Input section start

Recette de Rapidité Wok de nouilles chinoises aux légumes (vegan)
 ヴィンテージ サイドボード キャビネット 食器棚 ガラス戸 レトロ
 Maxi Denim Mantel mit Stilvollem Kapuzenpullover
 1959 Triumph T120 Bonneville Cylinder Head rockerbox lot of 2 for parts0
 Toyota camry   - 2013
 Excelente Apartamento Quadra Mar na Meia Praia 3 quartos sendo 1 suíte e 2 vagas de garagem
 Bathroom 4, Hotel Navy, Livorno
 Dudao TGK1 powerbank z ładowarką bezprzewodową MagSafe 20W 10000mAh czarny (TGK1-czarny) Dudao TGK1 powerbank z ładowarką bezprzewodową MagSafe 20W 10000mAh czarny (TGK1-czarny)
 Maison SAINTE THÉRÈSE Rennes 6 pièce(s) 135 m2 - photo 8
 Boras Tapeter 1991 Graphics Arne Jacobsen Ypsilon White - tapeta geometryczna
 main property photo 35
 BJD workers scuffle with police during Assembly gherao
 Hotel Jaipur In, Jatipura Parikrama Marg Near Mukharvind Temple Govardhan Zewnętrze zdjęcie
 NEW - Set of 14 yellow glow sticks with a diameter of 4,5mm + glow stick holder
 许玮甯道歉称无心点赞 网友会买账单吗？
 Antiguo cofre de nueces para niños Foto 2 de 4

Input section end

_Your task_: In the data above, copy every line where the string "with" appears.

_Reply_:
 BJD workers scuffle with police during Assembly gherao
 NEW - Set of 14 yellow glow sticks with a diameter of 4,5mm + glow stick holder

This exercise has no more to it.